Rev. Stephen L. Maco became principal in 1982 and served until 1991. Rev. Anthony P. Mongiello was principal from 1991 to 1992. In 1991, the new Development Office of Nativity published the first Alumni Directory and the first Alumni Newsletter, Nativity Now. Nativity's Recruitment Committee was also formed during Father Mongiello's tenure. 97% of the graduating class of 1992 went on to further their education. Members of that class were awarded a total of over $700,000 in scholarships, grants, and awards.

Rev. Ronald C. Bocian was principal from 1992 to 1999. During Msgr. Bocian's tenure, there was a marked increase in Nativity's enrollment, especially in the freshman class, which increased by 68%. As before, the vast majority of graduates went on to college, many with awards, grants, and scholarships. There was also a dramatic increase in the number and variety of new courses and teachers.

===21st century===
Rev.

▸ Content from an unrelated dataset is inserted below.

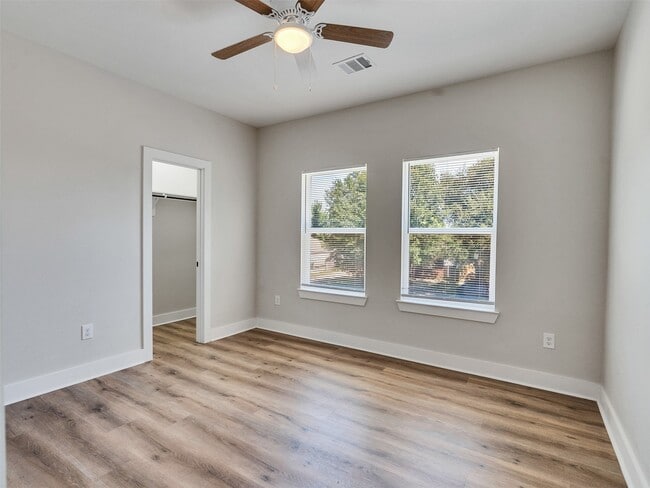 Building Photo - 4713 Talina Way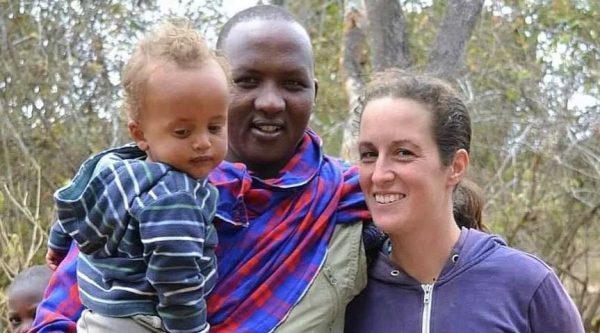 Σύζυγος ενός Μασάι για 10 χρόνια – H ζωή της Στέφανι κάτω από τις πιο πρωτόγονες συνθήκες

Ronald V. Jankaitis became principal at the beginning of the 1999–2000 academic year and remained until July 14, 2008. Fr. Jankaitis was a teacher and principal at Nativity for 21 years.

Rev. Christopher L. Wakefield joined the Nativity community as president on July 15, 2008. Fr. Wakefield was joined on the Nativity Leadership Team by Principal Bruce Hess. At that time, Nativity would have a President/Principal model at the school. This model reverted to a Principal/Chaplain model beginning in 2010, when Mrs. Lynn Sabol, long-time teacher and studies director, was named principal of the school. She retired as principal at the end of the 2024–2025 school year and still works in the math department part-time. Her successor is Michael Grabowski, who served as dean of students from 2021 to 2025.

==School Information==
Nativity's student-teacher ratio is 10 to 1. The faculty is made up of lay teachers. While Nativity is a Catholic secondary school, it accepts students of other religions. It also accepts students of all races, cultures, creeds, and economic backgrounds.

==Sports==
Nativity is also home to the Golden Girls, who have won five state basketball titles. In 1978, the team finished its 34–1 season with a 46–41 victory over the Johnsonburg Area High School Rams on March 18 at the Hershey Park Arena to win the PIAA Class A girls' state basketball championship. The team was coached that year by Madge Snyder, who coached the girls' volleyball and softball teams from the mid-1970s through the early 1980s, and the Rev. Stephen Mako.